MOVIMENTO COMPARTILHADO

SHARED MOVEMENT

Ivana Buys Menna Barreto

(PUC/SP)

Resumo

Este artigo é um estudo sobre a contribuição da neurociência, notadamente através da descoberta dos neurônios-espelho, para o processo de criação do movimento e suas implicações sociais. Proponho um recorte sobre a relação dos neurônios-espelho e as emoções no corpo para investigar como, através da empatia, um movimento inicial é capaz de produzir outros, tornando-se resposta (ou pergunta) aos estímulos e provocações feitos pelo que já está no mundo. Esta proposição fala da alteridade como estratégia de sobrevivência, indo ao encontro do pensamento de Giorgio Agamben – há muito mais coisas envolvidas num gesto que apenas um significado (AGAMBEN, 2007), porque só sobrevivemos coletivamente, porém há uma dificuldade em entender o que diz o outro. A empatia parece ser uma chave fundamental.

Palavras-chave | movimento | criação | compartilhamento | neurociência | neurônio-espelho

Abstract

This article is a study on how neuroscience can help us understand the process of creating movements and its social implications, especially since the discovery of the mirror neuron. I limit the study to the relationship between the mirror neuron and the emotions in the body, in order to study how, through empathy, an initial movement can produce other movements, which in turn become answers (or questions) to the incentives and provocations made by elements that already exist. This proposition presents otherness as a survival strategy, in reference to Giorgio Agamben's thought: there are many more things involved in a gesture than just a signification (AGAMBEN, 2007). We only survive collectively, even so, it is difficult to understand what the other says. Empathy seems to be a fundamental clue.

Keywords | movement | creation | sharing | neuroscience | mirror neuron

 

A partir dos estudos do neurocientista Giacomo Rizzolatti sobre os neurônios-espelho, abre-se uma possibilidade de compreensão sobre o conhecimento e o aprendizado através dos mecanismos motores. Existe uma primeira noção de imitação como capacidade para reproduzir uma ação, depois de havermos visto outros realiza-la; uma segunda supõe que, mediante a observação, podemos aprender um padrão de ação novo e sermos capazes de realizá-lo. Há, nessas duas noções, o problema da correspondência: como podemos, baseando-nos na observação, realizar uma ação análoga à que percebemos?

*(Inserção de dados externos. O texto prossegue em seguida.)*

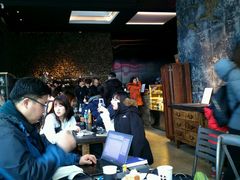 -Cafe Aewol Monsant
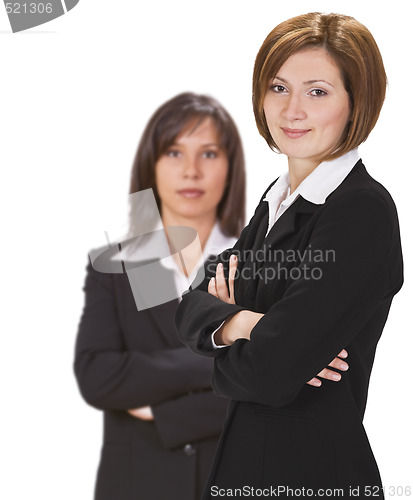 Image of Businessteam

Rizzolatti esclarece que o sistema visual e o sistema motor utilizam diferentes parâmetros de codificação; e que é preciso entender os processos corticais envolvidos nessa operação, assim como as transformações sensoriomotoras necessárias (RIZZOLATTI e SINIGAGLIA, 2006: p.139-140), isto é, precisamos saber como se dá este mecanismo de tradução. É importante ressaltar que na aprendizagem, por exemplo, há transmissão de competências, de habilidades motoras que não estão presentes em nosso vocabulário de ações. O desafio que se coloca é: como adquirir novas capacidades para atuar? Como traduzir a visão de um conjunto de movimentos, aparentemente privados de sentido, em uma possibilidade de ação com um significado para nós?

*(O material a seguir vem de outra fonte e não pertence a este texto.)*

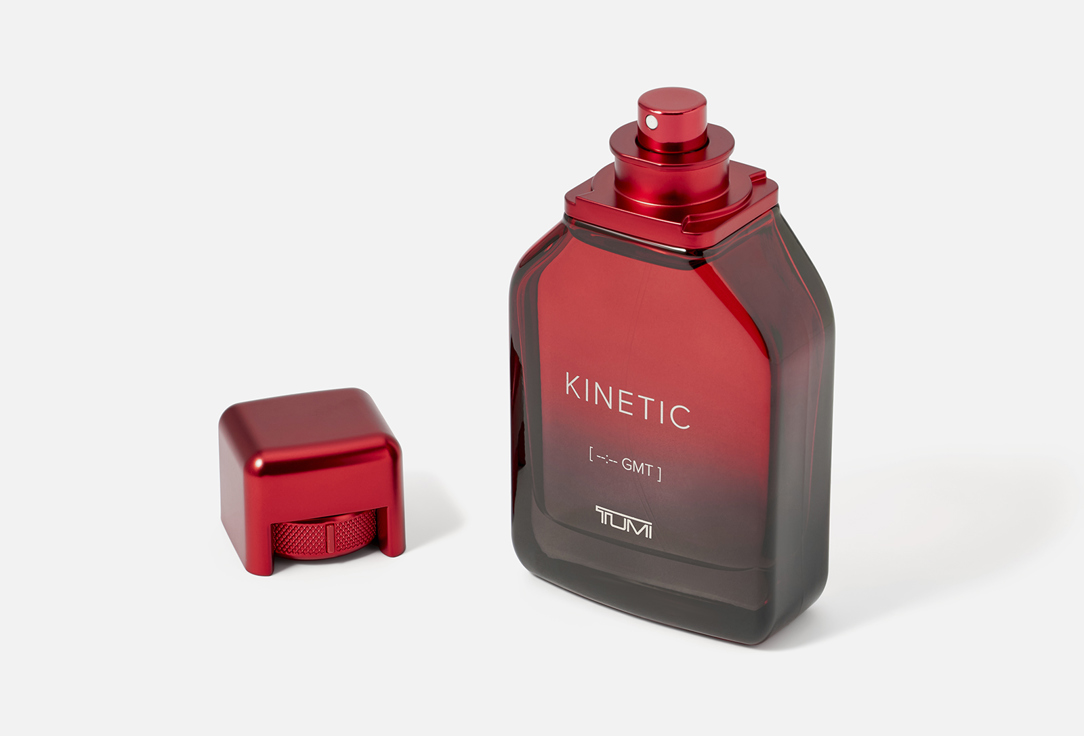 TUMI Eau de parfum Kinetic  --:-- GMT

A primeira forma de imitação, que descrevemos acima, se baseia em uma nítida separação entre os códigos sensorial e motor – a imitação seria possível graças a processos associativos que uniriam elementos, em princípio, sem nada em comum. A segunda forma, por outro lado, presume que a ação observada e a realizada devem compartilhar um mesmo código neural, e isto constitui-se numa condição fundamental da imitação (RIZZOLATTI e SINIGAGLIA, 2006: p.140). Este último modelo, segundo alguns pesquisadores, é compreendido como “compatibilidade ideomotora”, segundo a qual, quanto mais um ato percebido se assemelha a outro, pertencente ao patrimônio motor do observador, mais tende a induzir à execução do mesmo; assim, a percepção e execução das ações deveriam possuir um “esquema representacional comum”, modulado pela compreensão, por parte do observador, do tipo de ação, ou do objetivo dos movimentos realizados pelo demonstrador (RIZZOLATTI e SINIGAGLIA, 2006: p.141). Haveria, portanto, uma identificação com os movimentos do outro, a partir do que já existe como possibilidade de realização em nós mesmos, sendo esta identificação um processo feito por similaridade.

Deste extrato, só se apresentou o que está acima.